Analysts wonder whether job numbers and other economic indicators will move markets more under new Fed Chair Kevin Warsh. Warsh, who is slated to preside over his first Fed policy committee meeting in mid-June, believes the Fed shares too much information about its approach and then becomes beholden to the public’s expectations. If investors hear less about inflation and interest rates from the Fed, they may rely more on alternative indicators for clues, analysts said. Investors have some notable earnings reports to parse before the jobs report. Dollar General and Five Below are among those set to publish results this week, which may shed light on how lower-income households are handling inflation. A number of tech companies are also slated to report, including Palo Alto Networks, CrowdStrike, and Broadcom.

What analysts are saying about U.S. stocks
JPMorgan: “We fundamentally remain cautious on AI cannibalization trades, as per our Year Ahead, but tactical stabilization remains likely. While we do not necessarily expect the repeat of 2025, when the rally was almost exclusive to Mag-7 for most of the 2nd half, we believe there is more upside for Mag-7 over the next months, as earnings are more than compensating for the stock’s rebound. We also find EM memory trade has legs, as meaningful supply additions are not coming before the start of 2028.”

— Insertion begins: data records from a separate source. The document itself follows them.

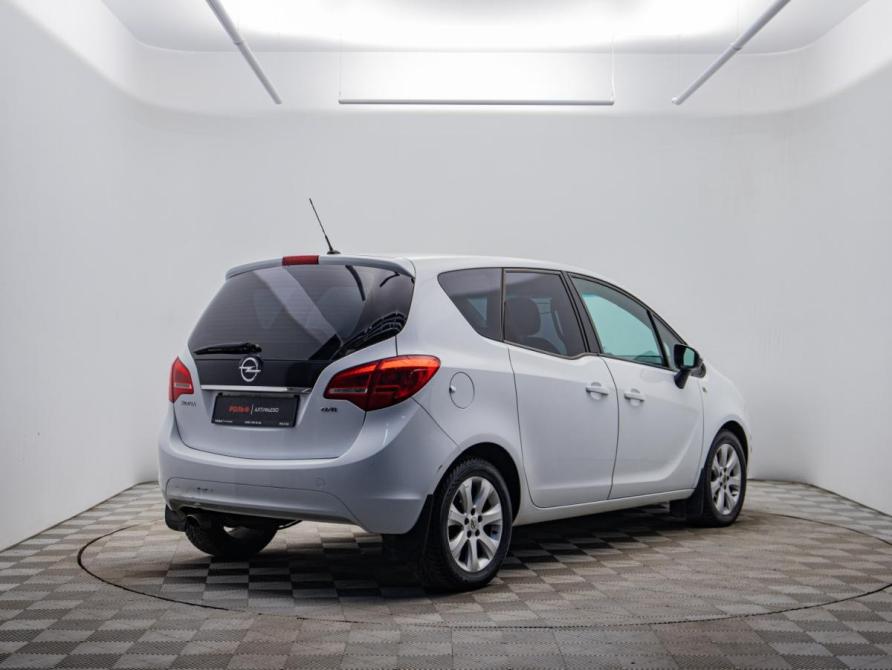 Opel Meriva B Москва  - изображение 5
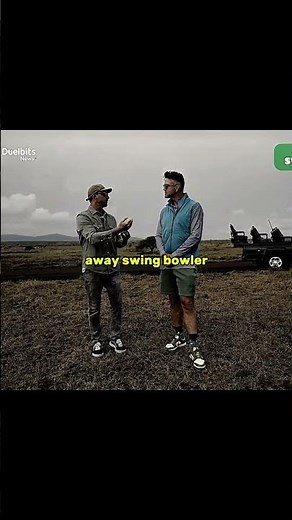 Fast Bowling masterclass from Dale Steyn (Youngsters focused)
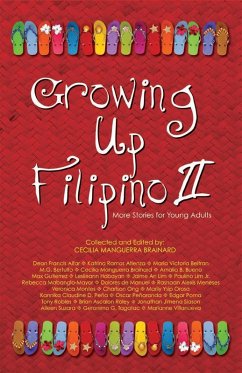 Growing Up Filipino II: More Stories for Young Adults (eBook, ePUB) - Brainard, Cecilia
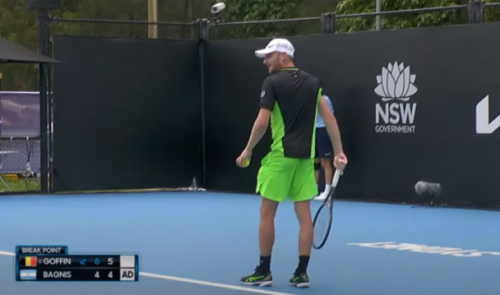 8 mois plus tard, David Goffin gagne à nouveau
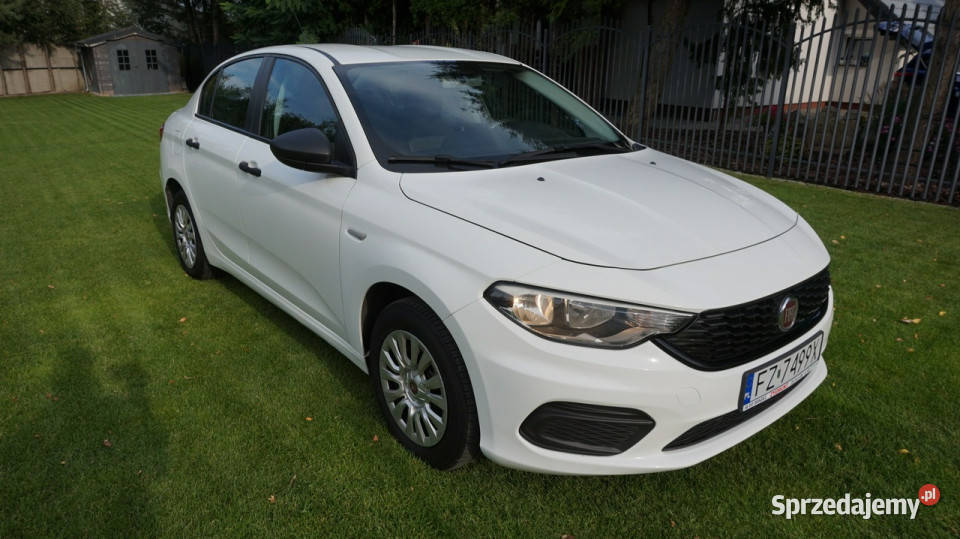 Fiat Tipo Polski salon Gwarancja II 2016 Zielona Góra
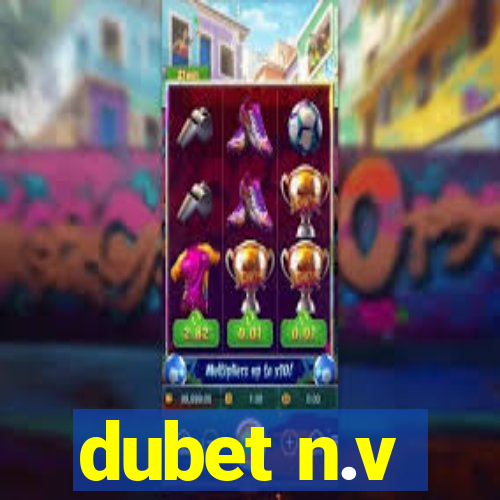 dubet n.v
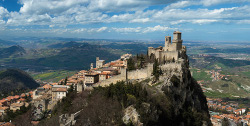 albergo a rivazzurra con escursioni a San Marino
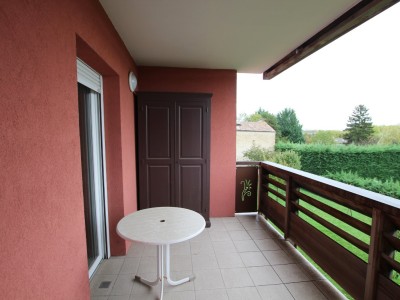 APPARTEMENT T3 - TOURNUS - 64,12 m2 - VENDU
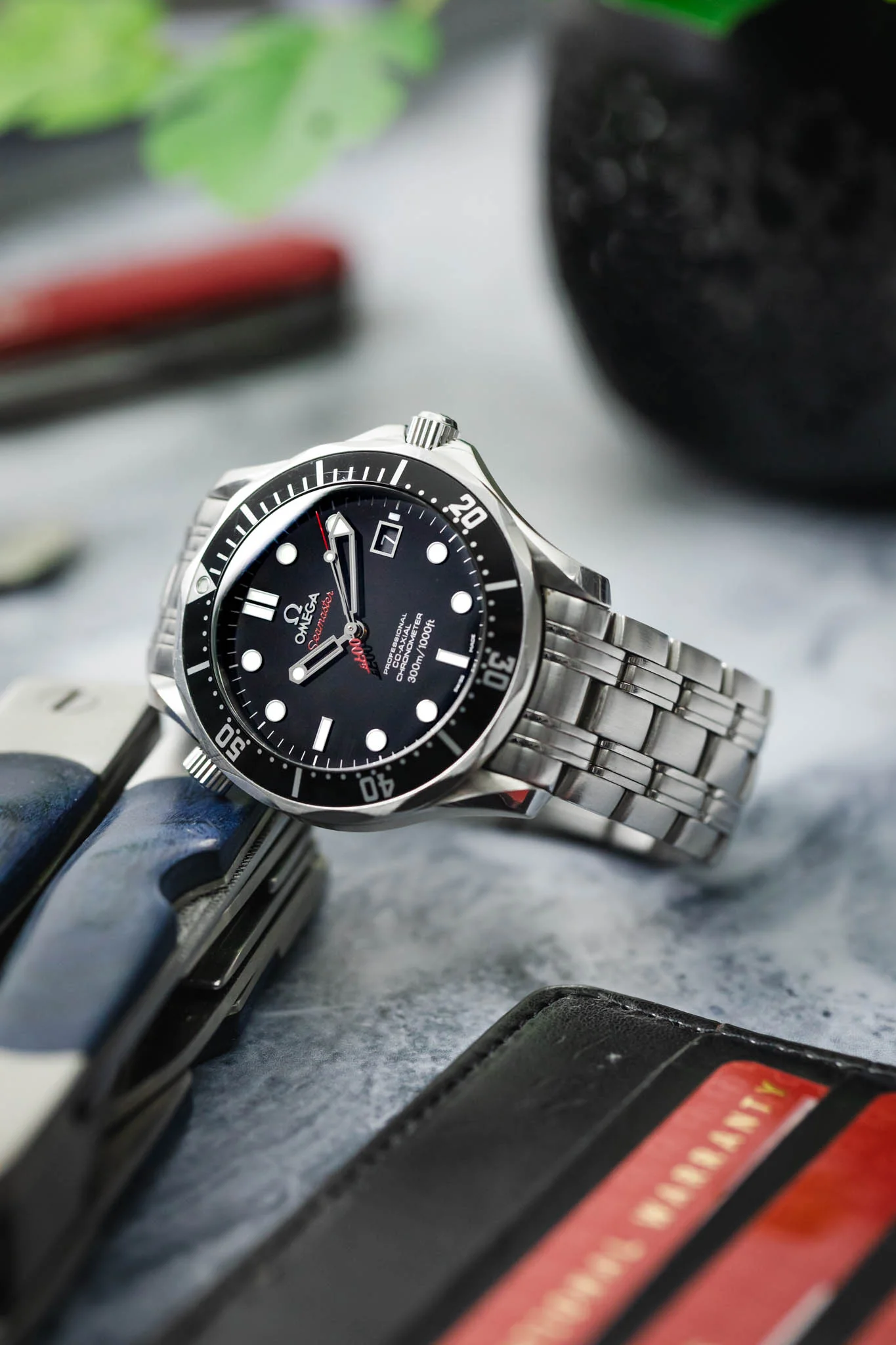 OMEGA Seamaster Professional "007" Watch - Image 4
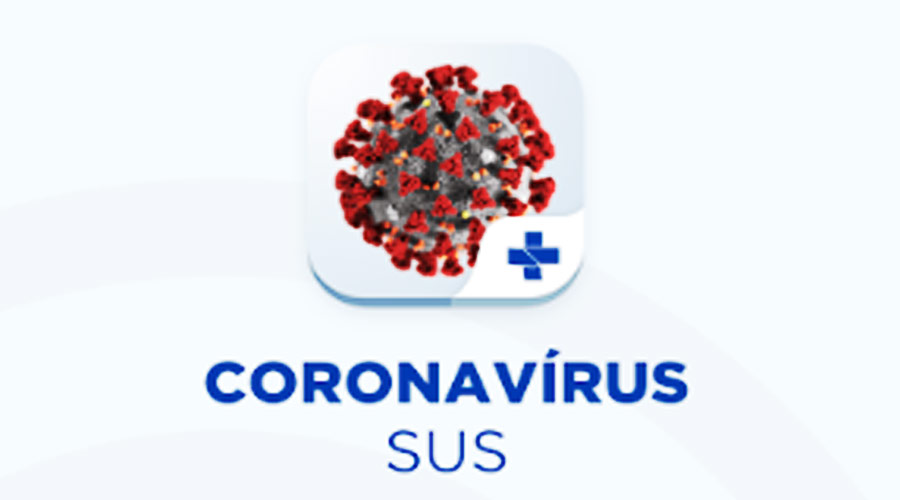 Aplicativo do Ministério da Saúde faz triagem virtual do coronavírus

RBC Capital Markets: “Following the outperformance that the US saw after the war began, the US/non-US P/E has now moved back to levels in line with the five-year average but doesn’t look highly stretched yet. On a 20-year time frame, the U.S./non-U.S. relative P/E has moved up but is not yet back to past highs. This tells us there is still some room for the US to outperform non-U.S.”

Evercore ISI: “The S&P 500 is becoming a market of stocks. Record concentration in a handful of AI names is spurring index strength and subduing the side effects of a challenging geopolitical/consumer backdrop. Heightened index exposure to a select few names in one theme can also accentuate the downside. But with valuations for the U.S. tech sector historically subdued relative to the broader index, focus remains on EPS durability, which 1Q26 confirmed is exceptionally strong.